Ordered that the judgment is affirmed.
The defendant's claim of prosecutorial error on summation is unpreserved for appellate review since he failed to register any objection to the prosecutor's comments he now contends were erroneous (see, People v. Medina, 53 N.Y.2d 951, 953; People v Larsen, 157 A.D.2d 672).
The defendant's claim that the testimony of a police officer regarding his previous arrest was improperly admitted is also unpreserved for appellate review since he failed to register an objection or move for a mistrial based upon the officer's testimony until the day following the completion of his testimony and declined a curative instruction on the matter once he did move for a mistrial (see, People v. Medina, supra, at 951; People v. Fields, 122 A.D.2d 159). In any event, this testimony was stricken from the record. Further, the defendant's claim regarding the prosecutor's cross-examination of him about the facts of a previous arrest is also unpreserved for appellate review since he failed to raise any objection to it (see, People v. Udzinski, 146 A.D.2d 245).
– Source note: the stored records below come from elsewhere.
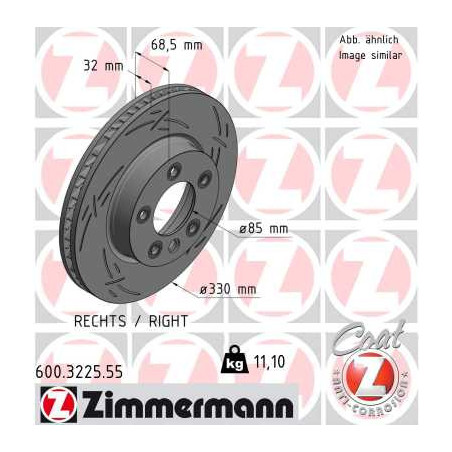 Jeu de 2 disques de frein ZIMMERMANN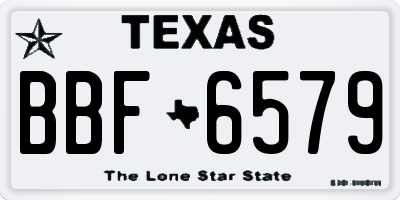 TX license plate BBF6579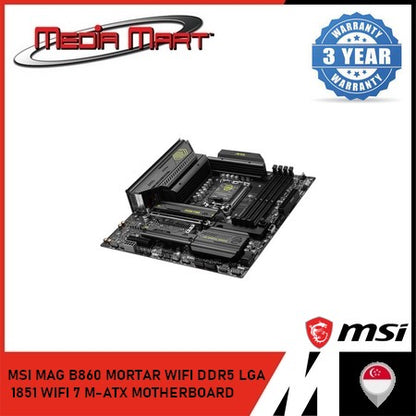 MSI MAG B860M MORTAR WIFI DDR5 LGA 1851 WIFI 7 M-ATX MOTHERBOARD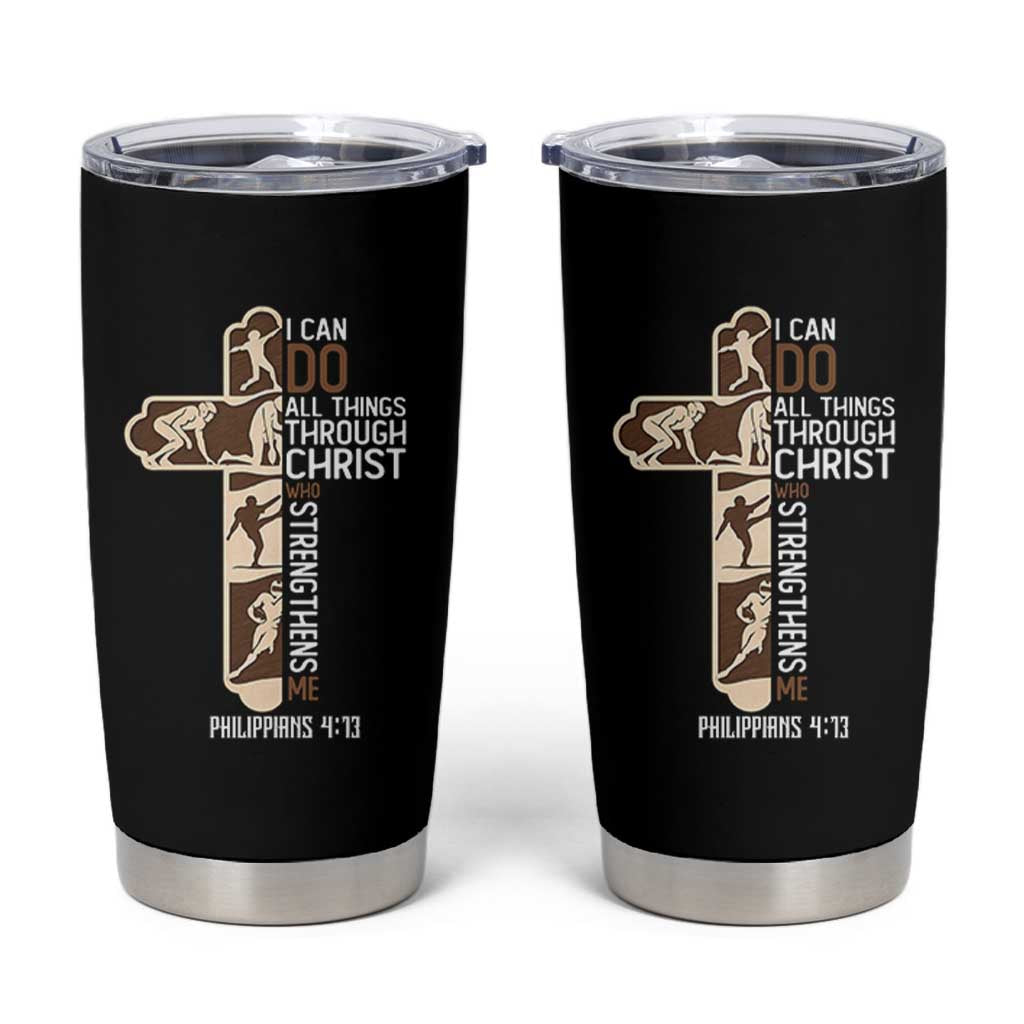 Christian Football Player Gift Tumbler Cup God Gives Me Strength - Wonder Print Shop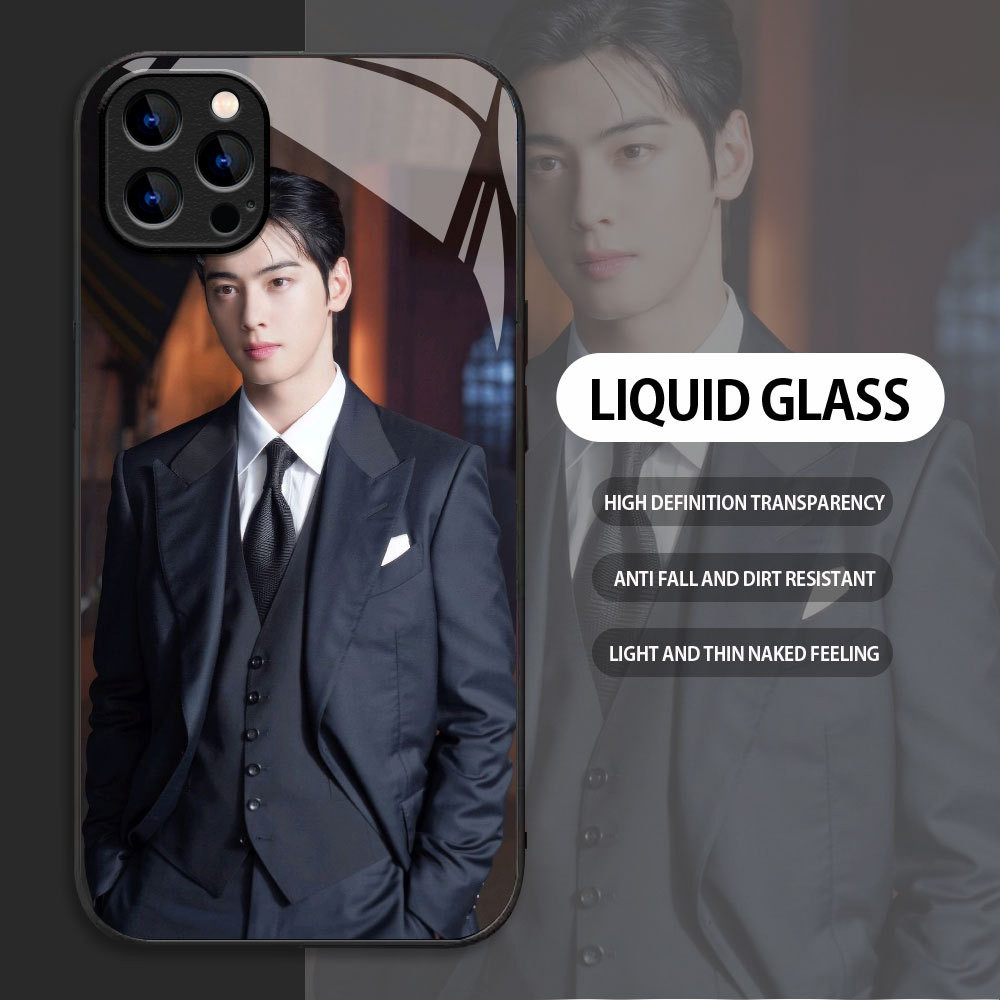 Tempered Glass case For Apple iPhone 11 12 13 mini 14 15 Plus Pro Max ASTRO cha eun woo Casing HP Cu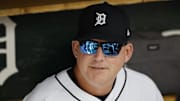 Apr 4, 2025; Detroit, Michigan, USA;  Detroit Tigers manager A.J. Hinch (14) in the dugout before the game against the Chicago White Sox at Comerica Park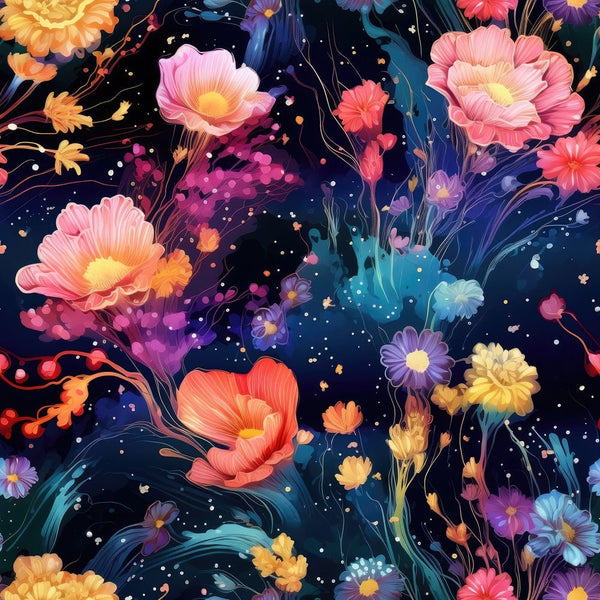 Cosmic Galaxy Floral Pattern 10 Fabric - ineedfabric.com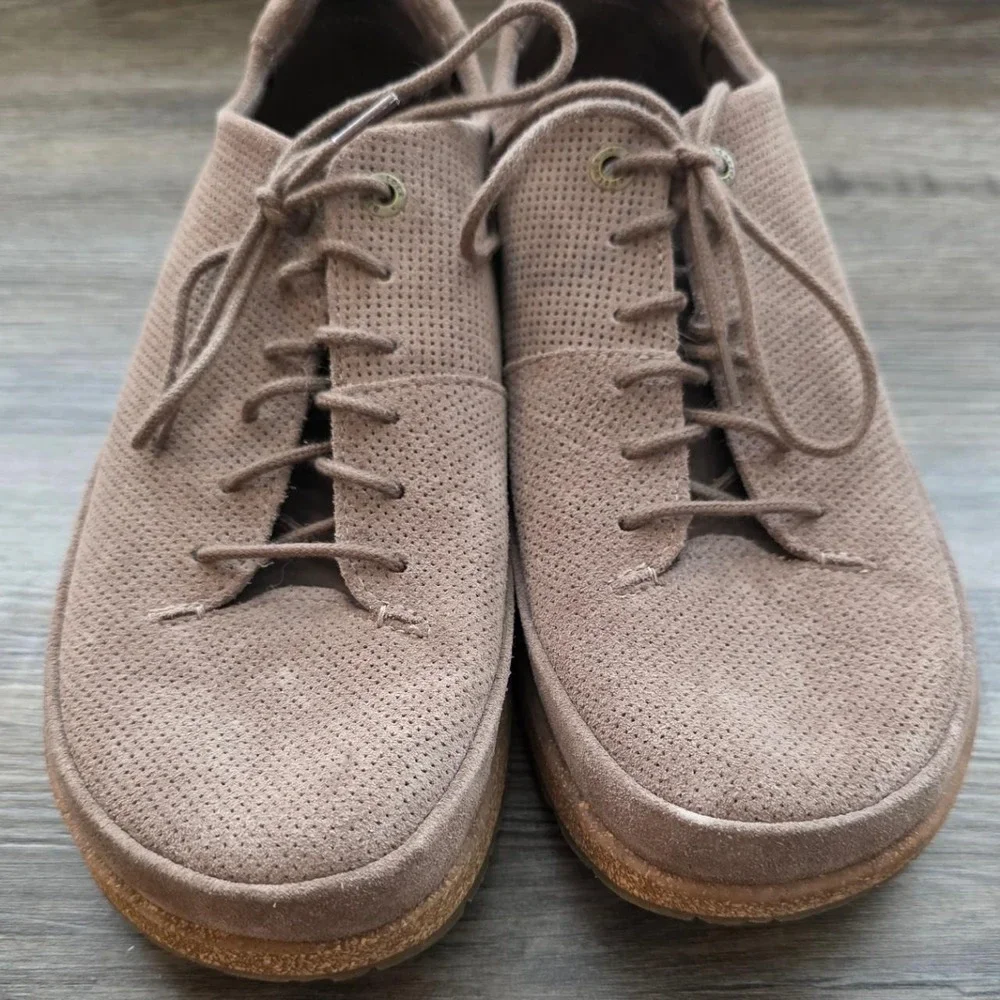 Birkenstock Honnef Light Gray Taupe Suede Sneakers Size 40L 9W 7M Low Top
In light of the overwhelming evidence of the defendant's guilt, we decline to exercise our interest of justice jurisdiction to review the defendant's claims of error. The undercover officer testified that the defendant sold him two vials of what proved to be crack cocaine in exchange for $10 of prerecorded money. Upon his arrest by the back-up police officers shortly thereafter, the defendant was found with 27 additional crack cocaine vials and the prerecorded money in his possession. Rosenblatt, J.P., Miller, Ritter and Pizzuto, JJ., concur.